Columnist: Lucas Migray
The world is shaped by different cultures, and in a globalized world like ours, you need to have certain intercultural skills to work successfully abroad.
There are many studies that have tried to classify cultures. Today we take a look at some cultural dimensions according to an American anthropologist, Edward T. Hall.
1. Time orientation
According to Hall there are two types of time orientation:
The first one, where time is considered a finite good that must be used sparingly and efficiently, is called monochron (M); the second, where time is considered unlimited, is called polychron (P).
In countries where time is regarded as monochronic, things are done differently than in countries where it is regarded as polychronic.
Whereas in countries with a monochronic time orientation deadlines and plans are kept and delays and cancellations lead to trouble, in countries with a polychronic time orientation time is seen as infinitely available and as something to be used by people and to which people do not have to adapt.
Moreover, in M countries one thing is done at a time, and in P countries several things are done at once, because people remain flexible in the face of change.
Examples of M-countries: Germany, Austria, (German) Switzerland.
Examples of P-countries: Italy, Greece, Spain.
2. Context orientation
According to Hall, there are two types of context orientation: high context (HC) and low context (LC). This describes how to deal with something or how to behave in a situation.
In high-context societies, such as China, Japan, France, Spain or Turkey, things are not called by name. The relationship between the speaker and the listener is in the foreground, i.e. it comes before the main subject, and there is always room for interpretation.
In contrast, in low-context societies, e.g. in Germany, the USA, Canada and Scandinavian countries, everything is called by name and precise information is given.
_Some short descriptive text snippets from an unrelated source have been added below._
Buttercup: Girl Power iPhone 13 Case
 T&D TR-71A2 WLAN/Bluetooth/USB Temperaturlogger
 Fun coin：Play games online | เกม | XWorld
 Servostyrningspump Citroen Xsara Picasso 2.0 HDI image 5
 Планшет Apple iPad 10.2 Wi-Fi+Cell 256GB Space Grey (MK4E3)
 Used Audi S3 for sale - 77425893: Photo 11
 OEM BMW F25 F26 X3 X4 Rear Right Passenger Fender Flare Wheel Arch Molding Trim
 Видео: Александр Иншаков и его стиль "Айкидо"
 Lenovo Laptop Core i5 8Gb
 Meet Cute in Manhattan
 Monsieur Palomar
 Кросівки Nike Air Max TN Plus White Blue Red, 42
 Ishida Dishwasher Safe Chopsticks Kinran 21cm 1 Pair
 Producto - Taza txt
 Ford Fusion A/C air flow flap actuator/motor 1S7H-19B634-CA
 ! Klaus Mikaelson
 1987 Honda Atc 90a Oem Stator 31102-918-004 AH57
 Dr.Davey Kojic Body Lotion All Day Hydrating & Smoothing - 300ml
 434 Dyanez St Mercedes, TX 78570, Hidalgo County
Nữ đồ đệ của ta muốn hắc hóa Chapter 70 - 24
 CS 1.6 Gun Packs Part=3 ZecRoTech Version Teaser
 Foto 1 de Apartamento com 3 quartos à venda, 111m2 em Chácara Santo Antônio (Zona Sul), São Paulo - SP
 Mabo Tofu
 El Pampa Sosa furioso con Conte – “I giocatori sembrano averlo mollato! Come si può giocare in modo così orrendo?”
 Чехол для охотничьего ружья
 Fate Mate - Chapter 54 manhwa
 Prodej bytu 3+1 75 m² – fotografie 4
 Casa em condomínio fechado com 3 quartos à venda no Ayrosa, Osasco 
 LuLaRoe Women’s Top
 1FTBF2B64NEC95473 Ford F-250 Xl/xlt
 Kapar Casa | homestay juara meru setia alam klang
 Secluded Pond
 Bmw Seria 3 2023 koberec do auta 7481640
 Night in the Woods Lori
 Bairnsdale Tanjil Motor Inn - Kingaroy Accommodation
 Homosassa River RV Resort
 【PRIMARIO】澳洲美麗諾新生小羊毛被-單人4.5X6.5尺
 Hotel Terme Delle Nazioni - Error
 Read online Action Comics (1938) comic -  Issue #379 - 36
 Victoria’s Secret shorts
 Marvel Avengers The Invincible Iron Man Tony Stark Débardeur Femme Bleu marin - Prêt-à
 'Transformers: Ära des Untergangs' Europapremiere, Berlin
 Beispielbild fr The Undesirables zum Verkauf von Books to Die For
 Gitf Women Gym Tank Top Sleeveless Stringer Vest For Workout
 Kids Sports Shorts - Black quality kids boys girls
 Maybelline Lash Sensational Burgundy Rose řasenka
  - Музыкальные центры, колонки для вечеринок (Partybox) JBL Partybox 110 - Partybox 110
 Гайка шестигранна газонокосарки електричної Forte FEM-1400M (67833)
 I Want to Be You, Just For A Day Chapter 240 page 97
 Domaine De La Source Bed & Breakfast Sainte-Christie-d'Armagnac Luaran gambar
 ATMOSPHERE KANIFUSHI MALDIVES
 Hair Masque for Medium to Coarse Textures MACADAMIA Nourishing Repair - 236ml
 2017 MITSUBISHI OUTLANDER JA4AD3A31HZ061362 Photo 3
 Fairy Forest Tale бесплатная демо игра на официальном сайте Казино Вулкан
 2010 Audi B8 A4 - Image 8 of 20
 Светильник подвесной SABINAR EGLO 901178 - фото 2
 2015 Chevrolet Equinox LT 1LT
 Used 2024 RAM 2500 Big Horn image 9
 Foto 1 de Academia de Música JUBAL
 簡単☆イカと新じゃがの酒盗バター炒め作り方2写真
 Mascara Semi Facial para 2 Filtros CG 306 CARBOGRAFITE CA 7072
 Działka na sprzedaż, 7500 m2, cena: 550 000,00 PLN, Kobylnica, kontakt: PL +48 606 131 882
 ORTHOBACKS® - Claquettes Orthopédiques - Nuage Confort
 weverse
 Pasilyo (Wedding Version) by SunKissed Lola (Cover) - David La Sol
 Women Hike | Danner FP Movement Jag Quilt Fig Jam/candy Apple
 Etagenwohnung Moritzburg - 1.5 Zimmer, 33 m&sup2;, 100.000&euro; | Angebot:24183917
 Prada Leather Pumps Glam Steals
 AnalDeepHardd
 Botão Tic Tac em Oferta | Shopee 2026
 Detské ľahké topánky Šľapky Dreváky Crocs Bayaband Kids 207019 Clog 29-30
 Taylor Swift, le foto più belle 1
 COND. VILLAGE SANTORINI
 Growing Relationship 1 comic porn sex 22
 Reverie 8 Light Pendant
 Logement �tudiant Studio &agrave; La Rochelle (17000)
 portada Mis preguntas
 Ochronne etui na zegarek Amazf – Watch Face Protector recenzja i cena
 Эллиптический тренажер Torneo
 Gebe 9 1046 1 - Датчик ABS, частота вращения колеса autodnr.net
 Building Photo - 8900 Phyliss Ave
Furthermore, the factual topic comes before the relationship, and “meant is what was said”.
3. Spatial orientation
Depending on the culture, the spatial orientation differs. That is, how close you get to a stranger.
While people in the centre and north of Europe are more distant to strangers, people in southern Europe are much more open and come much closer to each other.
In conclusion, it really helps a lot if you check what kind of country you are going to – before you emigrate. It may be the case that the cultural differences between your home country and your new country are not that huge, but the other way around is also possible.
Being aware of the cultural aspects of your destination country not only makes life easier for you, it also helps you to get along and integrate more easily into that society.